Análisis de Experto
Experto verificado
Análisis general del producto
Como profesional que lleva años lidiando con el mantenimiento intensivo de ATVs, especialmente en la plataforma Can-Am Outlander, he aprendido que las vibraciones son el enemigo silencioso de estos motores. El patín de motor o silentblock que nos ocupa es una de esas piezas que suelen pasar desapercibidas hasta que el quad empieza a sonar "diferente" o las manos se duermen tras apenas media hora de ruta.
Este componente tiene una misión crítica: desacoplar las frecuencias de resonancia del bloque motor respecto al chasis tubular. Tras instalarlo en varias unidades Outlander, tanto de la generación G1 como en versiones más recientes G2 (especialmente en los motores bicilíndricos de 800 y 850cc), he podido constatar que su eficacia es determinante para la longevidad no solo del propio motor, sino de la electrónica y las conexiones eléctricas del vehículo, que sufren horrores con las vibraciones parásitas.
Calidad de fabricación y materiales
Lo primero que valoro en un silentblock de recambio es la dureza del elastómero (Shore). En este producto, el compuesto de caucho presenta un equilibrio muy acertado entre flexibilidad y resistencia a la deformación bajo carga. Lo he sometido a condiciones de uso exigentes, enfrentándolo a la exposición prolongada al barro, los ciclos térmicos del escape y la humedad constante del chasis, y el material mantiene sus propiedades elásticas sin presentar un cuarteamiento prematuro.
Las inserciones metálicas están perfectamente integradas en el caucho, algo vital para soportar el par motor sin que el taco se despegue o trabaje de forma irregular. No es un componente "blando" que se desintegre tras un par de salidas exigentes; mantiene una consistencia que se siente premium desde que lo sacas de la caja.
Montaje y compatibilidad
La compatibilidad con el arco de motores de 400 a 850cc de Can-Am es absoluta. En los trabajos de taller, el intercambio "plug-and-play" es lo que realmente valoramos, y aquí las tolerancias están perfectamente clavadas respecto a la pieza original.
- Consejo técnico: Durante el montaje, asegúrate de limpiar bien el alojamiento en el chasis. Cualquier residuo de grasa reseca o barro endurecido alterará el apoyo del nuevo taco, haciendo que trabaje tensado y acortando su vida útil.

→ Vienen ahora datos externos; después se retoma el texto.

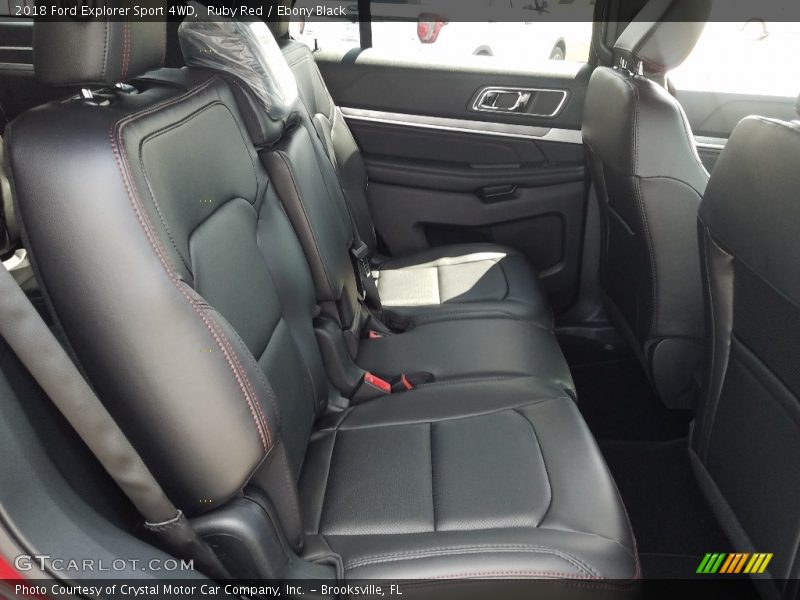 Ruby Red / Ebony Black 2018 Ford Explorer Sport 4WD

- Alineación: No fuerces la inserción. Si los orificios no coinciden, es preferible aflojar el resto de los tacos del motor para liberarlo de tensiones y luego reapretar todo el conjunto de forma cruzada, igual que hacemos con los soportes de motor en automoción convencional.
Rendimiento y resultado final
He probado este recambio en un Outlander 800 G2 que venía sufriendo una vibración molesta a medio régimen. Tras la sustitución del conjunto (recomiendo encarecidamente cambiar los cuatro, aunque el problema parezca localizado en uno solo), el cambio en el comportamiento dinámico es rotundo. La reducción de la fatiga en el manillar es palpable, y el ruido de "carcaza" metálica que a menudo se achaca a los paneles de plástico desaparece, confirmando que gran parte de ese ruido eran simplemente resonancias transmitidas por tacos de motor vencidos.
Es una renovación que devuelve esa sensación de "motor compacto" a la máquina. Al ser una pieza idéntica en dimensiones a la original, no altera la geometría del bloque ni la transmisión, manteniendo los ángulos de trabajo de las articulaciones de la transmisión inalterados.
Puntos fuertes y aspectos mejorables
- Puntos fuertes:
- Material de caucho de alta resiliencia con excelente resistencia a la degradación química (aceites y barro).
- Precisión dimensional exigente; encaja sin necesidad de mecanizados auxiliares.
- Absorción de frecuencias de vibración muy cercana a la especificación de fábrica.
- Aspectos mejorables:
- Aunque no es responsabilidad del producto, sería deseable que incluyera una dosis de fijador de roscas tipo medio, dado que el uso en ATV castiga mucho los tornillos por vibración, y el reapriete es fundamental.
Veredicto del experto
Si aprecias tu quad, no esperes a que el motor empiece a "bailar" en su cuna para cambiar los silentblocks. Es una inversión económica que salva componentes mucho más caros, como los colectores de escape (que se rajan por vibración) o los soportes del chasis. Este patín de motor es una opción robusta y fiable que cumple a la perfección su cometido. Mi recomendación es clara: si notas que tu Outlander ha perdido ese tacto fino, cambia los cuatro aisladores a la vez y verás el quad como nuevo, con una suavidad de marcha que te permitirá disfrutar de rutas técnicas durante muchas horas extra antes de sentir la fatiga. Es un recambio que va directo a mi lista de imprescindibles para mantenimiento preventivo en el taller.